Wednesday, December 5, 2018
When we explore any family's history, we occasionally run into specific given names which seem to resonate with the family over many generations. In my husband's Stevens line, for instance, it was John for the men in the family. In our Tully line, we have more than our fair share of Margarets.
In the Knapp family we've been studying, it seems there were certain sons named specifically for other relatives. Not unusual, you may agree, but what piques my interest is the story of not only who previously held a particular given name, but what became of him.
In the case of the baby in the picture of the two Knapp boys from Kelso, Washington, young Peter, when he grew up, chose to replace his given name with another. But the name he forsook actually had a significance in the extended Knapp family: it was the name of his uncle—specifically, of one of the Knapp brothers who fought in the American Civil War.
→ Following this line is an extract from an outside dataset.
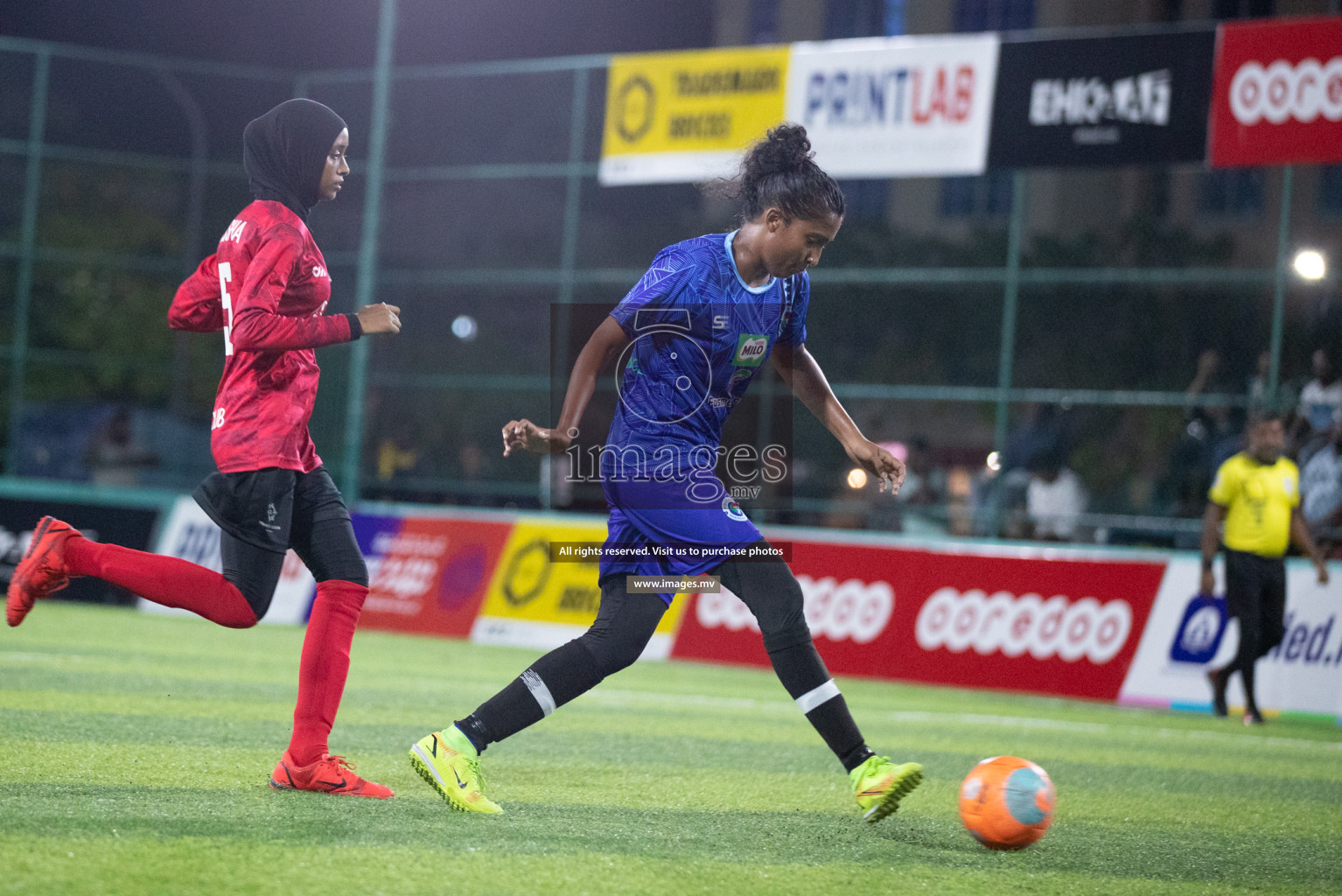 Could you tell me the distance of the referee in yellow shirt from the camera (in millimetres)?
11734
Let's take a moment to get our bearings in the multiple generations of the Knapp family before unfolding the saga of Peter Jones Knapp, the Civil War veteran. My exploration of the Knapp family began when I found a set of photographs which seemed to belong to the William Malphus Knapp family. In addition, the photo of the two Knapp boys in Kelso represented the sons of one of William's brothers, George Harlow Knapp.
William and George were both sons of William Henry Norris Knapp and his wife, Corintha White. Flora Knapp, the young woman whose photo I recently sent home to Texas, was sister to William and George, as well.
Their father, William Henry Norris Knapp, was likely born in Canada, and there was a reason for this. This William's father, John, was born in Canada, following his father Benjamin's possible removal from the colonies during the time of the Revolutionary War. It is possible that this Benjamin Knapp was the one listed in the United Empire Loyalists' Association of Canada database.
However it happened, at least a few of Benjamin Knapp's grandsons made their way back to the United States—William, eventually, to marry Corintha in Indiana; Cornelius, another of William's brothers whom we'll meet later this week, to head west to Kelso, Washington; and Peter to find himself, while visiting his brother William, enlisting for service in the Union Army.
It is mostly from a newspaper report, upon his death, quoting from his own journal that we know such vivid descriptions of Peter Jones Knapp's Civil War experiences. And that newspaper report was summarized in the Find A Grave memorial for Peter Jones Knapp, put up by the Knapp family researcher who has, by now, received the photo of the baby Peter (Jackson) Knapp, namesake of the uncle we are discussing. How else would I know that he was up in the rain at two in the morning when it was "darker than a stack of black cats," preparing for the march just before the Battle of Iuka—or that over sixty percent of his regiment were either killed or wounded, more than any other regiment had lost in any one battle in that war? The Find A Grave memorial included this information from the original article, published in the Kelsonian on April 16, 1924, upon Peter Jones Knapp's death.
That newspaper article, serving also as obituary for Peter Knapp, noted that the soldier's remains were buried at the Portland Crematorium—one detail, as the Knapp family researcher eventually discovered, which was not entirely correct. And that, as we'll see tomorrow, is how Peter Jones Knapp became the last of all the Civil War veterans to be finally laid to rest.